Marlborough Drone Company American Robotics Gets Head Start in Autonomous Flights
Written by Suraj Jaiswal

American Robotics drones make up to 20 autonomous flights daily.

A small Marlborough company that makes drones is taking off for the public market.

American Robotics, with 20 employees, completed its merger with Ondas Holdings, a publicly traded holding company, on Thursday in a mostly stock transaction valued at about $71 million.

The acquisition comes roughly six months after American Robotics won a landmark approval from the Federal Aviation Administration to operate fully autonomous drones without a human operator on the ground. Previous approvals have required someone to monitor the drone at all times, never letting it leave a visual line of sight. That has made it a difficult technology to deploy widely, especially in the remote areas that American Robotics is focused on.

Reese Mozer, the company’s chief executive and cofounder, said a farmer might use drones to spot unhealthy crops, or a railroad operator could use them to check for defects on its tracks.

But Mozer says American Robotics is more than a drone company. The real play is in collecting and analyzing data for other companies, he said, so they can more efficiently maintain their assets. American Robotics drones make up to 20 autonomous flights daily. Afterward, they perch themselves on a white crate to recharge, process data, and generate analytics.

“Typically, it is just people walking around, or driving a truck around…maybe cameras on poles, manually flown drones,” he said. “Imagine if you had a really accurate digital 3-D presentation of your facility every day.”

But sending drones to remote areas can present network connectivity issues, a roadblock to adoption of technology. That’s why American Robotics is merging with Ondas Holdings, which owns Ondas Networks, a 25-person Silicon Valley company that builds wireless data networks for critical infrastructure industries. Ondas’s executives hail from AT&T, GE Transportation, and WorldCom.
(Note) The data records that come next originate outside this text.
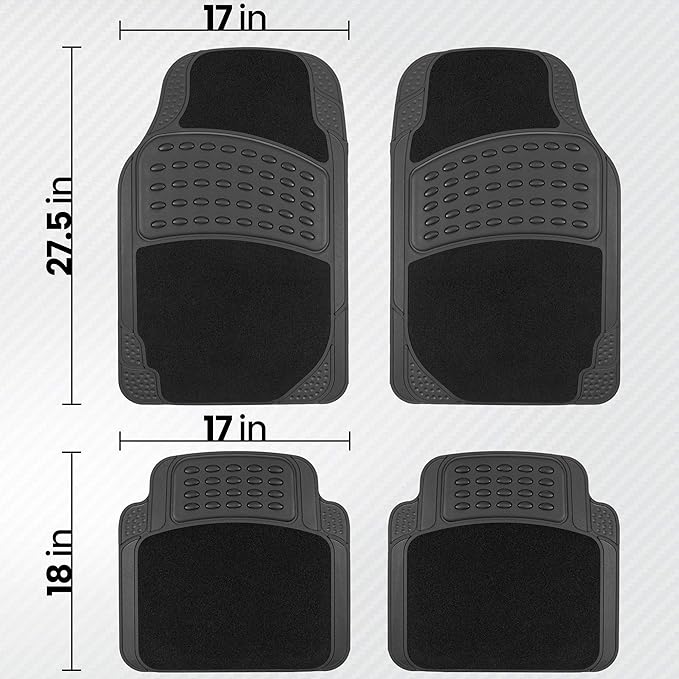 BDK HybridMat Automotive Rubber & Carpet Floor Mats, Front & Rear Seat Mat Set of Interior Liners for Car Sedan SUV Van, Heavy Duty All Weather, Semi-Trim to Fit, Black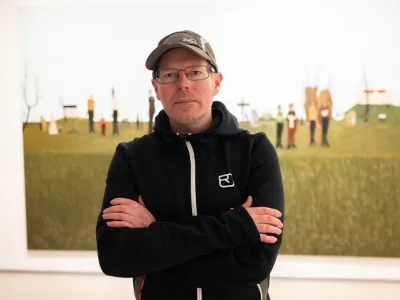 slikar Matej Čepin &nbsp; - 17.01.2024 - Bežigrajska galerija 1 - razstava slik Mateja Čepina z naslovom Resničnost pred resničnostjo &nbsp; //FOTONik Erik Neubauer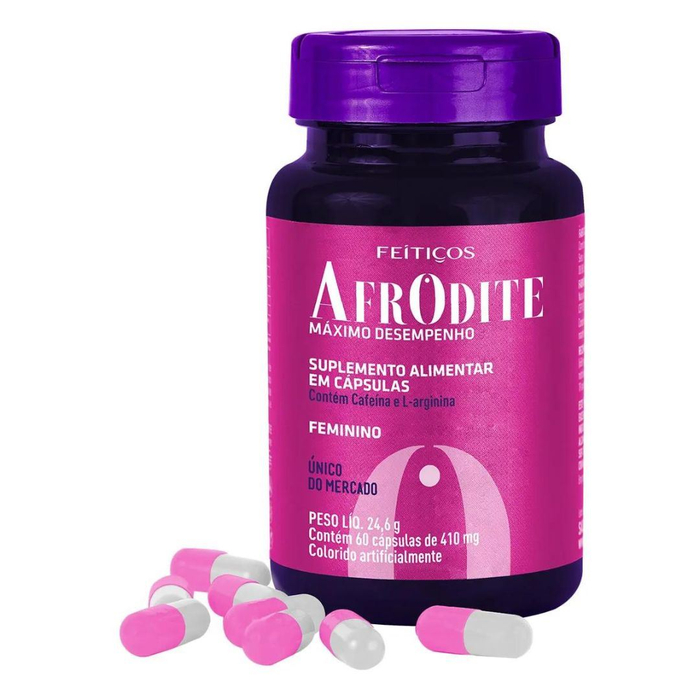 Afrodite Máximo Desempenho Suplemento Feminino Em Cápsulas 410mg Feitiços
“Railroads, utilities, oil and gas players… they need drones,’’ said Eric Brock, the chief executive and chairman of Ondas. “They all have drone programs, but they are having trouble scaling them.”

American Robotics and Ondas are integrating their products, which will allow the drones to fly across a wider area and give the company access to Ondas’s existing customers. Mozer said he doesn’t consider the acquisitions an “exit” because American Robotics will continue to grow in Massachusetts.

The FAA approval opens the door for other startups to follow, but for now, Mozer said, the company has breathing room. The clearance was specific to its proprietary technology, he said, and a process that standardizes the approval for “everybody is going to take three to five years, if not longer.”

American Robotics customers pay an annual subscription fee for the drone systems. Mozer declined to provide a price range, but said “because of the removal of the human, it is an order of magnitude cheaper than what folks can do today with pilots.”

American Robotics is not disclosing how many customers it has or how many it plans to have. But Mozer said the firm is “actively signing” new businesses every week, including a Fortune 100 oil and gas company last month.

The tough part, Brock said, will be ramping up inventory levels and hiring enough people as the company grows. He said customers may begin with a few drones but eventually expand to a fleet of hundreds or thousands.

Prior to the acquisition, American Robotics raised about $10 million from investors. The company plans to double its workforce to about 40 by the end of this year, then double it again by the end of 2022.